United States District Court, E.D. Michigan, Southern Division

May 15, 2019

LOUIS N. EZENABO, Plaintiff,
v.
CUSTOMS AND BORDER PROTECTION, ET AL., Defendants.

          Elizabeth A. Stafford, United States Magistrate Judge

          OPINION AND ORDER GRANTING DEFENDANTS' MOTIONTO DISMISS [#8]

          GERSHWIN A. DRAIN, UNITED STATES DISTRICT COURT JUDGE

         I. Introduction

         Plaintiff Louis Ezenabo, a Nigerian national, filed this Petition for a Writ of Mandamus seeking a court order requiring Immigration and Customs Enforcement (“ICE”) to facilitate his return to the United States, so that he can attend his immigration removal proceedings in person. Dkt. No. 1. Defendants move to dismiss Plaintiff's Writ for a lack of subject matter jurisdiction. Dkt. No. 8.

         Present before the Court is Defendants' Motion to Dismiss [#8]. The Court will decide the matter on the briefs and without a hearing. See E.D. Mich. LR 7.1(f)(2). For the reasons set forth below, the Court will GRANT the Motion [#8].

         II. Background

         Plaintiff is a Nigerian national who came to the United States in 1999 on an F-1 student visa. Dkt. No. 1, p. 5 (Pg. ID 5). He became a conditional lawful permanent resident on August 23, 2001. Id. at p. 6 (Pg. ID 6). After graduating from college, Plaintiff went on to attend Western Michigan University Law School, where he graduated with his Juris Doctor degree. Id. at p. 5 (Pg. ID 5). While in the United States, Plaintiff met and married his current wife, who is a United States citizen. Id. The couple have three young children, all who reside with Plaintiff's wife in Michigan. Id.

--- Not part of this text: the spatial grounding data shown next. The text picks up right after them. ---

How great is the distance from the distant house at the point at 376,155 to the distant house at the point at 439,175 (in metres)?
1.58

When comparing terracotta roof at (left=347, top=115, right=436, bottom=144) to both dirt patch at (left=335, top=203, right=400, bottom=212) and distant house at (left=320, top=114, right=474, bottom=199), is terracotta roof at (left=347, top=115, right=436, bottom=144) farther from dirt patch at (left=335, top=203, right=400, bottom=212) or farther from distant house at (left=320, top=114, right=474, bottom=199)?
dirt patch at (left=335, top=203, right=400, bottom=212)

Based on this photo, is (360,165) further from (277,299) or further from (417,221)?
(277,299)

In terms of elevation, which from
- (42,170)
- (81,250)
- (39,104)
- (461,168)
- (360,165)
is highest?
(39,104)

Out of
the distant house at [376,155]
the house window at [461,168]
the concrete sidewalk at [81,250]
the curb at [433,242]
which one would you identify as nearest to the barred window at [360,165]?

         On September 29, 2015, Plaintiff was removed from the United States to Nigeria due to the termination of his conditional permanent residency status. Id. at pp. 6-7 (Pg. ID 6-7). However, the Board of Immigration Appeals (“BIA”) reopened his case on January 4, 2016 based on an I-130 relative petition that Plaintiff's wife filed on his behalf. Id. at p. 7; Dkt. No. 12-2. Plaintiff will now have a hearing before the immigration court in Detroit, Michigan on July 16, 2019, at which time the court will consider Plaintiff's application for adjustment of status and determine whether he is removable. See Dkt. No. 12-5.

         As it stands, Plaintiff cannot enter into the United States to attend his hearing unless he obtains the proper documentation from ICE. Dkt. No. 1, p. 8 (Pg. ID 8). ICE maintains that Plaintiff's physical appearance at the hearing is not necessary. Id. Plaintiff therefore files this Writ of Mandamus seeking a court order requiring ICE to facilitate his return to the United States.

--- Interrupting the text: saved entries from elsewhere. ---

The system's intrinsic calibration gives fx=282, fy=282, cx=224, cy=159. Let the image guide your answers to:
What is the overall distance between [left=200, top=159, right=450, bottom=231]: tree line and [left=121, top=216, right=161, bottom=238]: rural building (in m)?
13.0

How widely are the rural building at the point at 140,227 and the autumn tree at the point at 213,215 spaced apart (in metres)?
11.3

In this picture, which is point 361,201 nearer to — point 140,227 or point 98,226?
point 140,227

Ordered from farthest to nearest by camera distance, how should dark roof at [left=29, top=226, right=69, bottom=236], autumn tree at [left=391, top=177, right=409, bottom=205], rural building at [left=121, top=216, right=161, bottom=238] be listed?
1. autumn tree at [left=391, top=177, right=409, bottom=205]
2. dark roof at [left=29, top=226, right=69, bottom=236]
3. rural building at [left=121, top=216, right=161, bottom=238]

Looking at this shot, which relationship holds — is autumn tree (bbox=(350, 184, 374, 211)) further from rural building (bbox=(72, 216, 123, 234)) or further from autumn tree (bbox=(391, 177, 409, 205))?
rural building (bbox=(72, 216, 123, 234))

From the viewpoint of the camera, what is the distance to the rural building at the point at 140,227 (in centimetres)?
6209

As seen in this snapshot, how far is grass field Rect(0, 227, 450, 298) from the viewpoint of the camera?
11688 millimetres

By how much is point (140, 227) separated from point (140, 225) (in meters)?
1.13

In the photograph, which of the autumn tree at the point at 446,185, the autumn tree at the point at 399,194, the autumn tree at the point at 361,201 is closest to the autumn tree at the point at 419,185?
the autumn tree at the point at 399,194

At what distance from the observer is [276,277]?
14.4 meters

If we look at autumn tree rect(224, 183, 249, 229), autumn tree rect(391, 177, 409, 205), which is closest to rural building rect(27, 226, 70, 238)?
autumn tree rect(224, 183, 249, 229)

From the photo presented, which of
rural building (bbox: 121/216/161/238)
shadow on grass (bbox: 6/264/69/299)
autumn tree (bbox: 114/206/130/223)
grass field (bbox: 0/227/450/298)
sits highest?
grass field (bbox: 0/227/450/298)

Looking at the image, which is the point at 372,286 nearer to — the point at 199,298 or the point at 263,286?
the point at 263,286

         III. Legal Standard

         Federal Rule of Civil Procedure 12(b)(1) authorizes a party to challenge the court's jurisdiction over the subject matter of a complaint. See Fed. R. Civ. P. 12(b)(1). Jurisdictional challenges fall into two categories: (1) facial attacks, and (2) factual attacks. United States v. Ritchie, 15 F.3d 592, 598 (6th Cir. 1994). A facial attack is a challenge to the sufficiency of the pleading, while a factual attack is a challenge to the actual existence of subject matter jurisdiction. Id.

         When analyzing a facial attack, “the court must take the material allegations of the petition as true and construed in the light most favorable to the nonmoving party.” Id. In contrast, when considering a factual attack, there is no presumption of truthfulness, “and the court is free to weigh the evidence and satisfy itself as to the existence of its power to hear the case.” Id.

         Ultimately, the plaintiff bears the burden of demonstrating the existence of subject matter jurisdiction. Moir v. Greater Cleveland Reg'l Transit Auth., 895 F.2d 266, 269 (6th Cir. 1990). Where “a federal court concludes that it lacks subject-matter jurisdiction, the court must dismiss the complaint in its entirety.” Arbaugh v. Y&H Corp., 546 U.S. 500, 514 (2006).

         IV. ...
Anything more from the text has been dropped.